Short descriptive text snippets
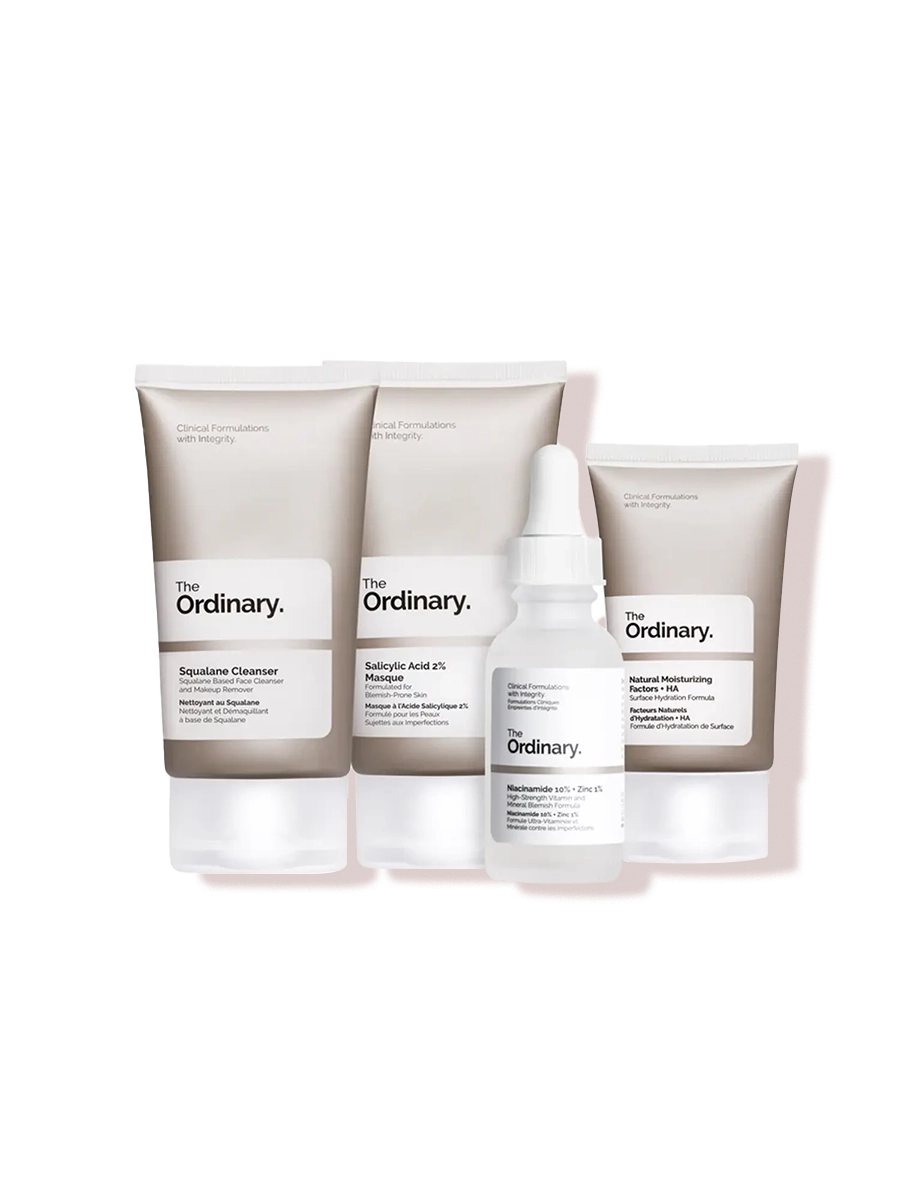 The Ordinary The Balance Set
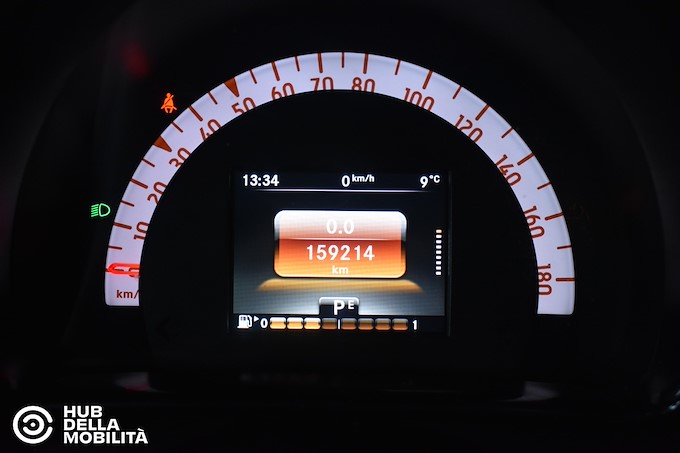 SMART fortwo 70 1.0 twinamic Passion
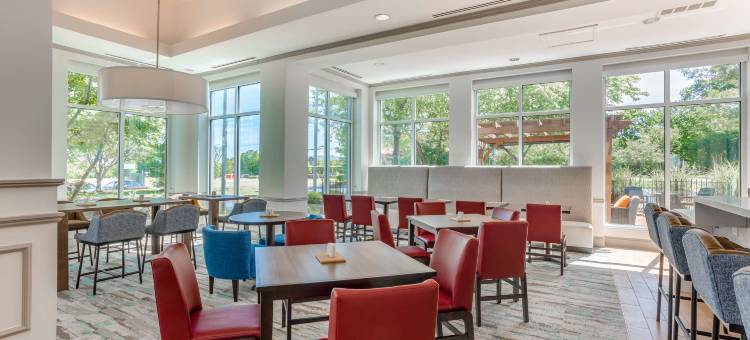 辛辛那提沙伦维尔希尔顿花园酒店(Hilton Garden Inn Cincinnati/Sharonville)图片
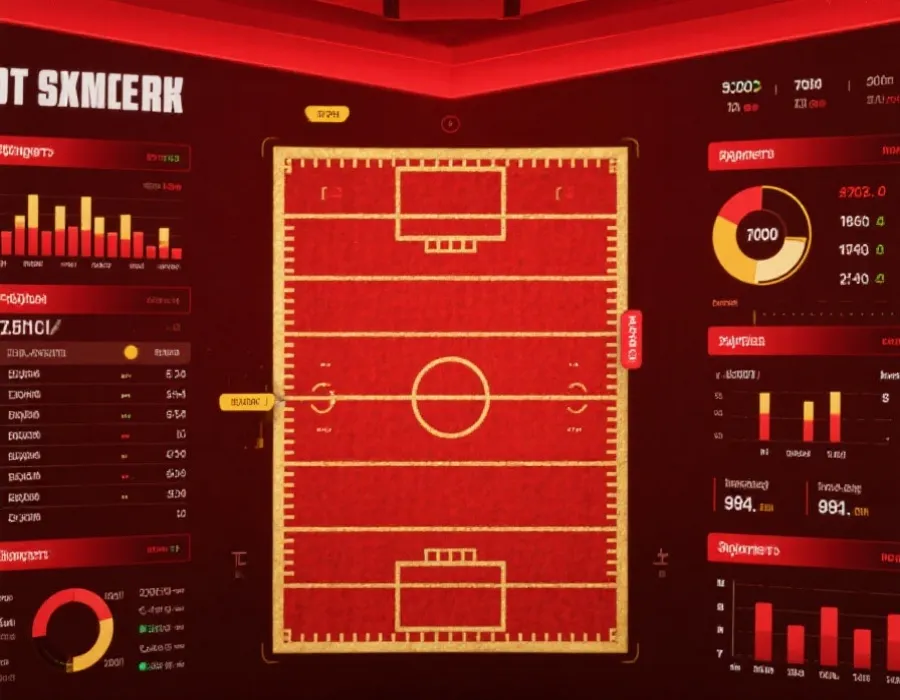 实时赔率与赛况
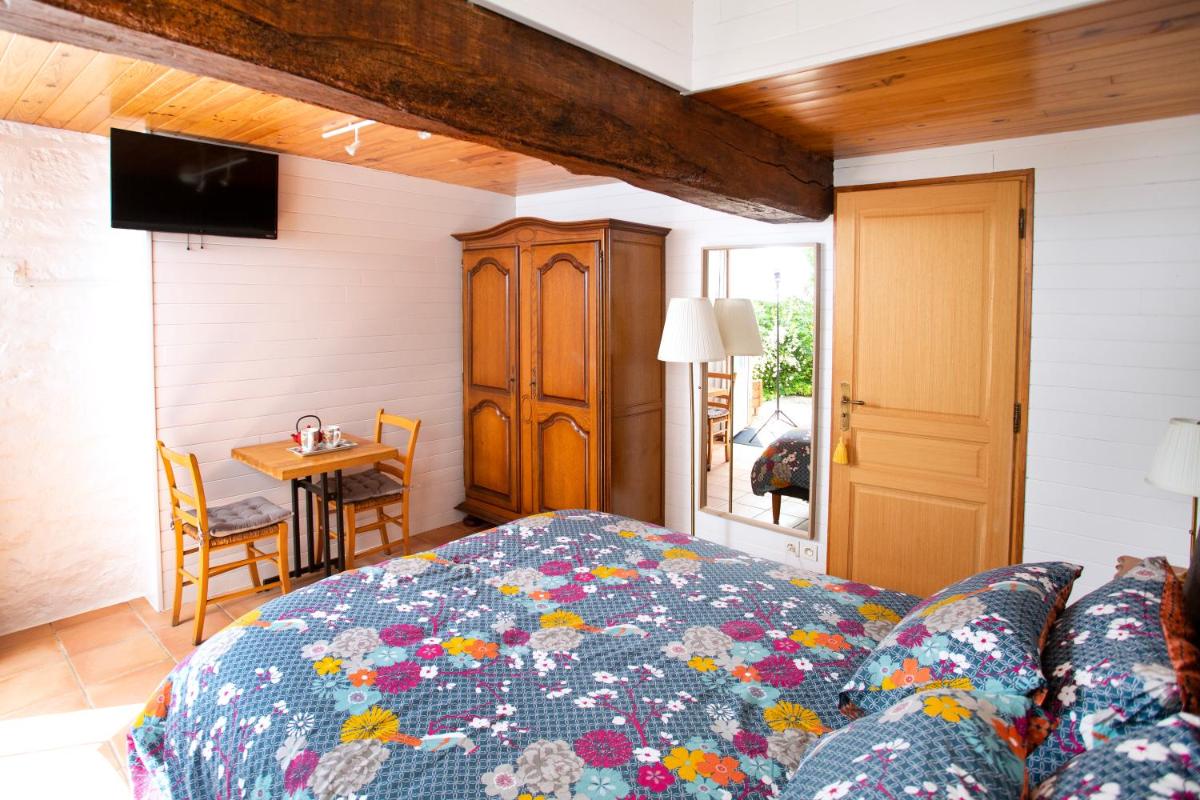 La Mancellière de Montjoie chambre d'hôtes Constellation - Housity
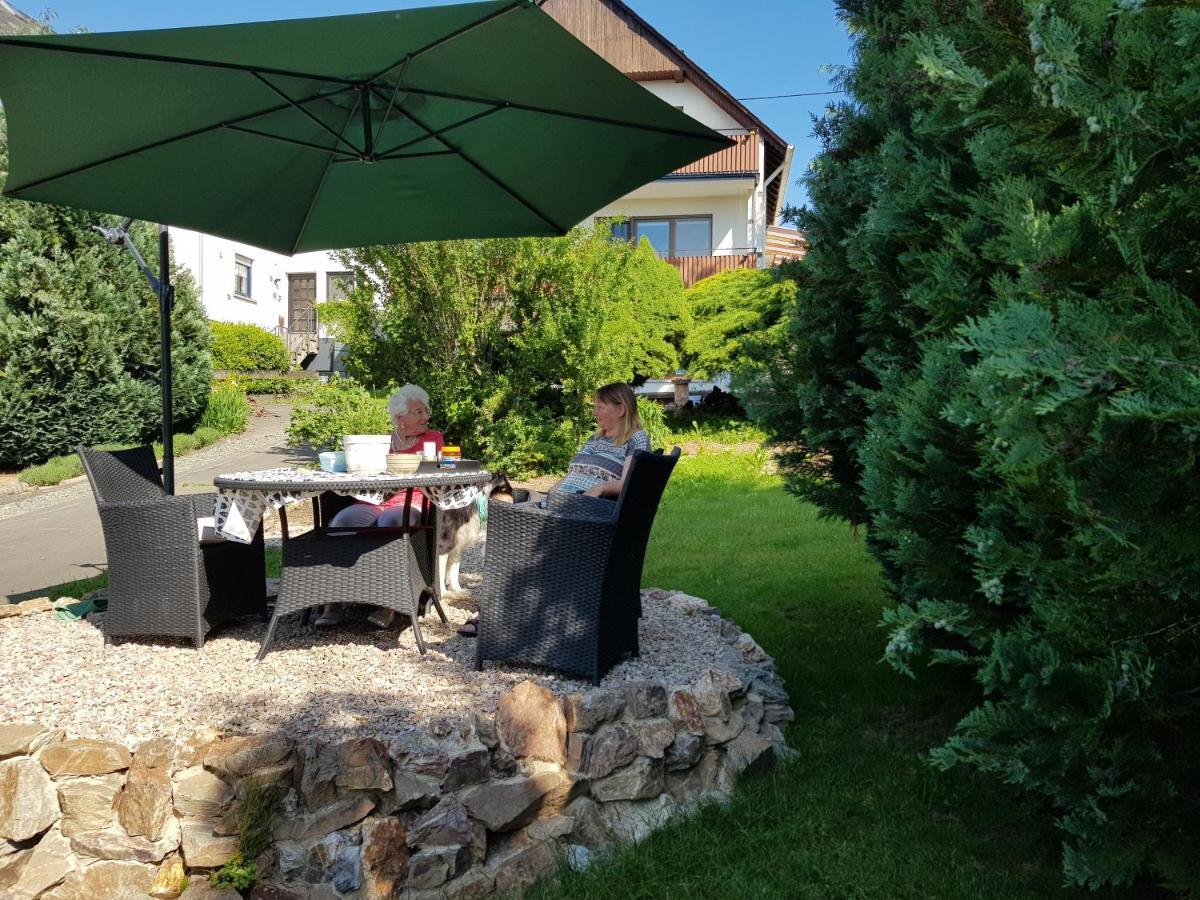 Vakantieappartement Achat Duitsland Wirschweiler المظهر الخارجي الصورة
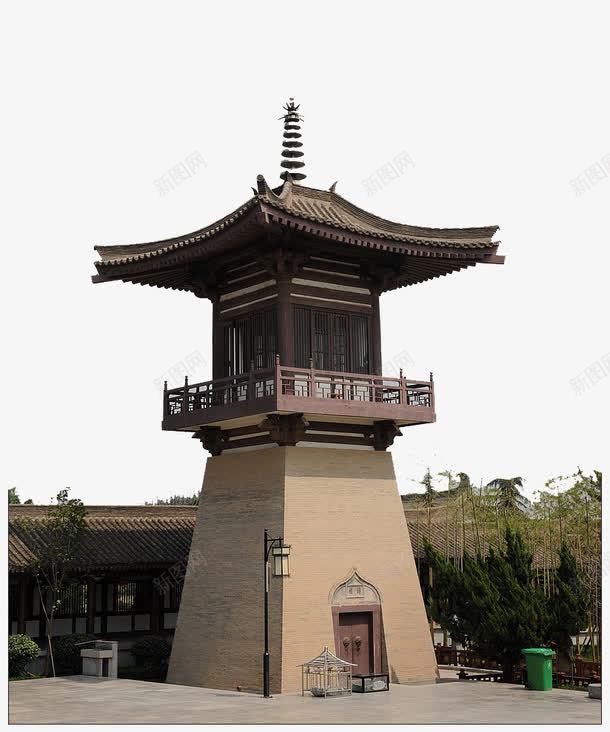 法门寺景点png免抠素材_新图网 https://ixintu.com 旅游景区 著名景点 陕西法门寺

● EXERCISE GOAL
Make a word-for-word copy of the entries, without any pictures.

● TASK OUTPUT
 The Ordinary The Balance Set
 SMART fortwo 70 1.0 twinamic Passion
 辛辛那提沙伦维尔希尔顿花园酒店(Hilton Garden Inn Cincinnati/Sharonville)图片
 实时赔率与赛况
 La Mancellière de Montjoie chambre d'hôtes Constellation - Housity
 Vakantieappartement Achat Duitsland Wirschweiler المظهر الخارجي الصورة
 法门寺景点png免抠素材_新图网 https://ixintu.com 旅游景区 著名景点 陕西法门寺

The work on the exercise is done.